> [WHAT IS EXPECTED]
Everything from the line with "Farmer working on" through the last line of the data below should be copied exactly, apart from the pictures.

> [DATA]
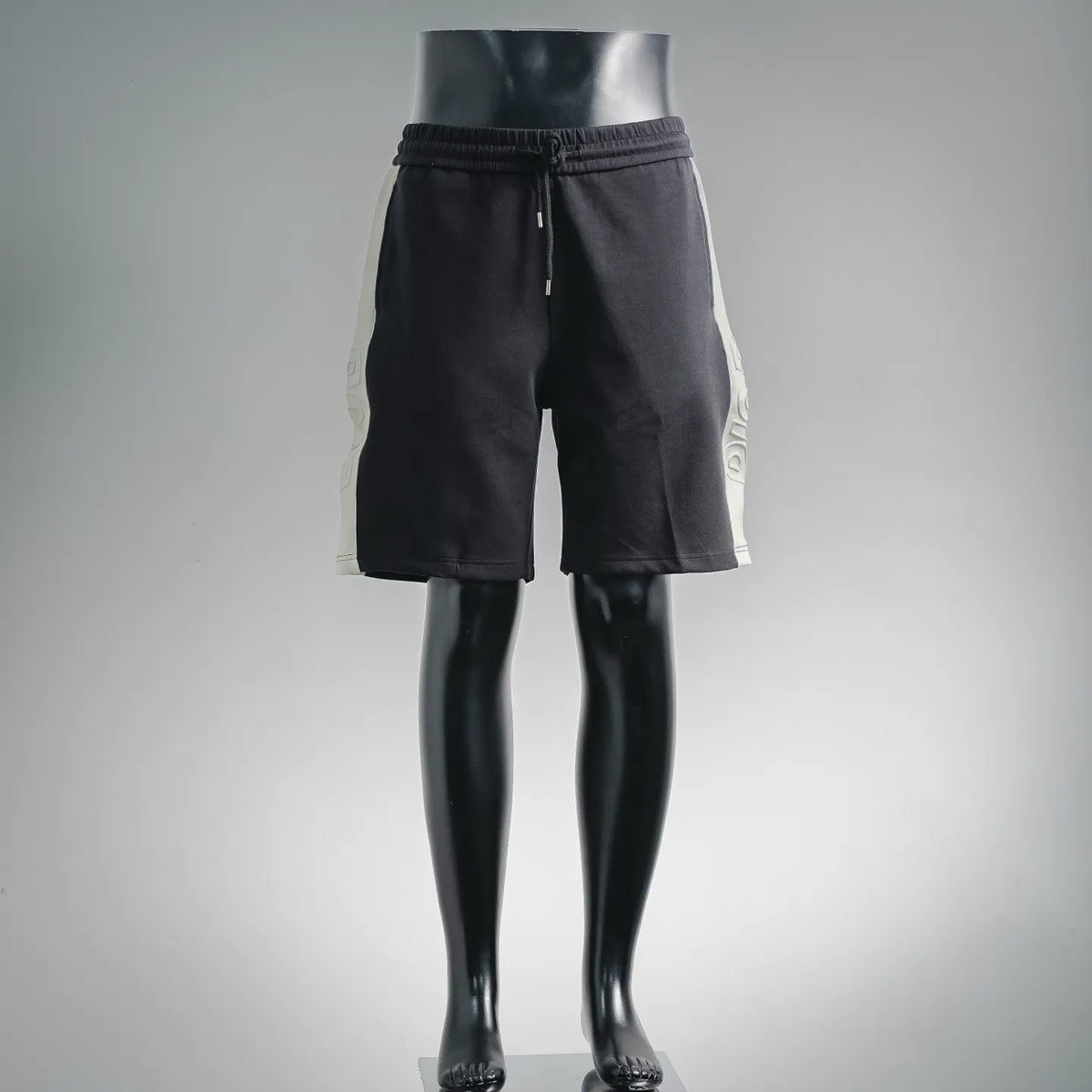 Black drawstring waist shorts with front zip fly and side pockets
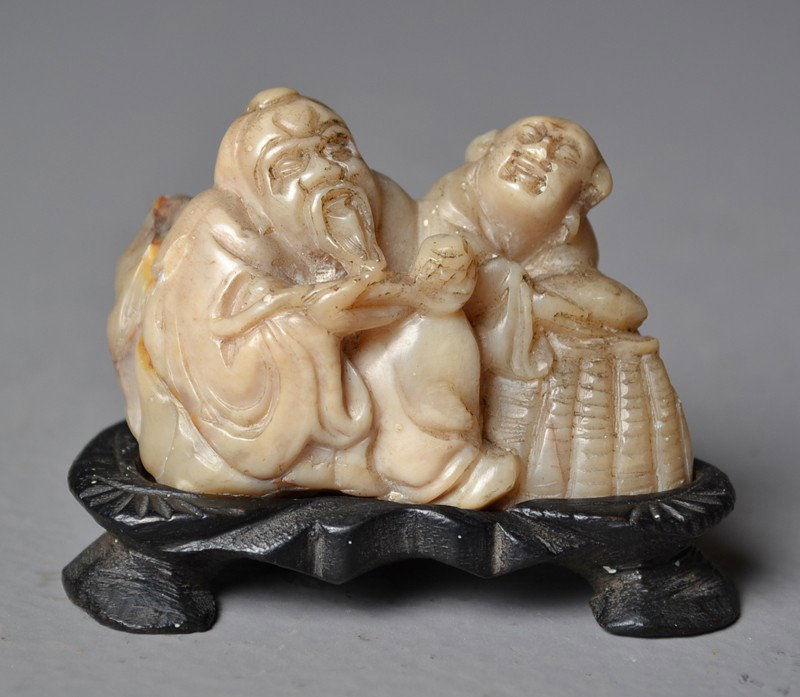 Chinese Qing Carved Soapstone Figure Group: Finely carved to depict an old man and a boy,very well done, Circa 19th century, 2"L X 1.5"H without stand.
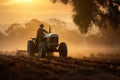 Farmer working on tractor preparing land for sowing crops at sunset, Farmer operating a tractor working in the field in the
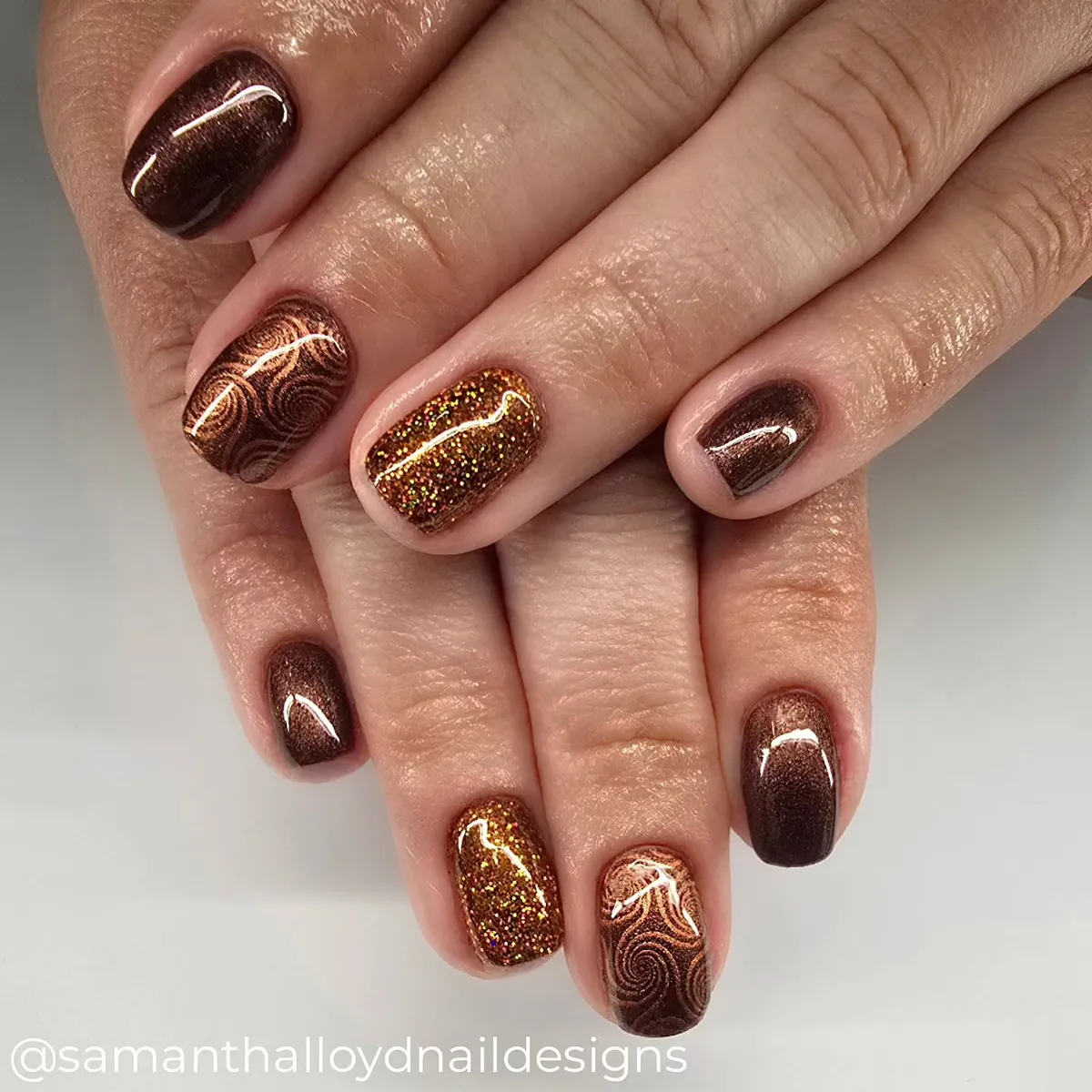 Dark brown and copper swirls with gold glitter accent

> [SOLUTION BELOW]
 Farmer working on tractor preparing land for sowing crops at sunset, Farmer operating a tractor working in the field in the
 Dark brown and copper swirls with gold glitter accent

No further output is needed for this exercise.